702. Efficacy and safety of telavancin in the treatment of Gram-positive bloodstream infections in cancer patients
Session: Poster Abstract Session: Antimicrobials: Novel Agents
Friday, October 4, 2013
Room: The Moscone Center: Poster Hall C

Background: Infections caused by gram-positive bacteria, particularly methicillin-resistant Staphylococcus aureus (MRSA), are an important cause of morbidity and mortality in cancer patients. The creeping of vancomycin MICs among MRSA isolates has been associated with poor outcome. Thus, alternative antibiotics covering these pathogens such as Telavancin, a once-daily lipoglycopeptide, displaying strong bactericidal activity against S. aureus and other Gram-positive pathogens are warranted.

Methods: Between March 2011 and March 2013, we evaluated the clinical efficacy and safety of telavancin for treatment of Gram-positive bloodstream infections (BSI) in cancer patients. Patients with uncomplicated Gram-positive BSIs received intravenous telavancin for at least 14 days for Staphylococcus aureus and 7 days for other Gram-positive cocci. Patients with baseline creatinine clearance (Cr Cl) > 50 ml/min received a daily dose of 10mg/kg and those with Cr Cl between 30-49 ml/min received a dose of 7.5 mg/kg.
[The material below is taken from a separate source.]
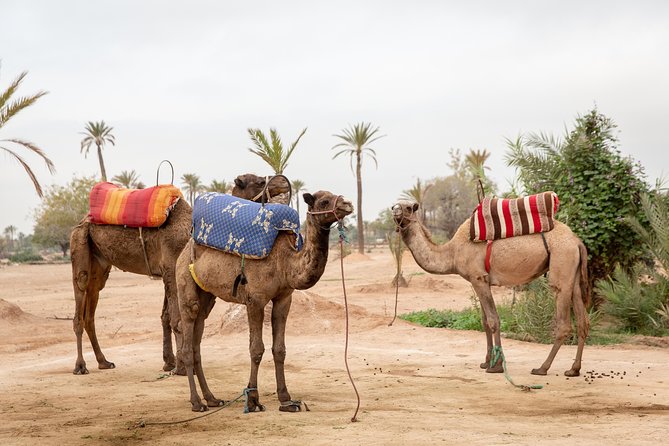 Atlas Mountains Hot Air Balloon Ride from Marrakech with Berber Breakfast and Desert Camel Experience - The camel ride at Palmeraie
Patients were followed for 1 month after the last dose of study drug.

Results: A total of 36 patients were enrolled.  The majority of patients had hematologic malignancy (61%), solid tumor (43%) and 6 patients (16%) had undergone stem cell transplantation. Eighteen patients (50%) had persistent neutropenia.  The most common pathogens causing BSI were Staphylococcus aureus (n = 18), followed by alpha-hemolytic Streptococci (n=6), Enterococcus (n=6), coagulase-negative Staphylococcus (n=5), and beta-hemolytic Streptococci (n=1). The overall clinical success rate was 88.6% and microbiological eradication rate within 96 hours of study medication initiation was 94%. Drug-related adverse events occurred in 31% of the patients, whereas adverse events sufficient to stop telavancin occurred in 16% with the majority due to renal toxicity. Creatinine level increased by at least double from baseline in 4 patients (12%). However, the creatinine levels of these patients decreased to baseline levels by the end of the follow-up period.

Conclusion: Treatment with telavancin for gram-positive BSI in cancer patients was generally effective and safe and may provide a useful alternative to standard vancomycin therapy.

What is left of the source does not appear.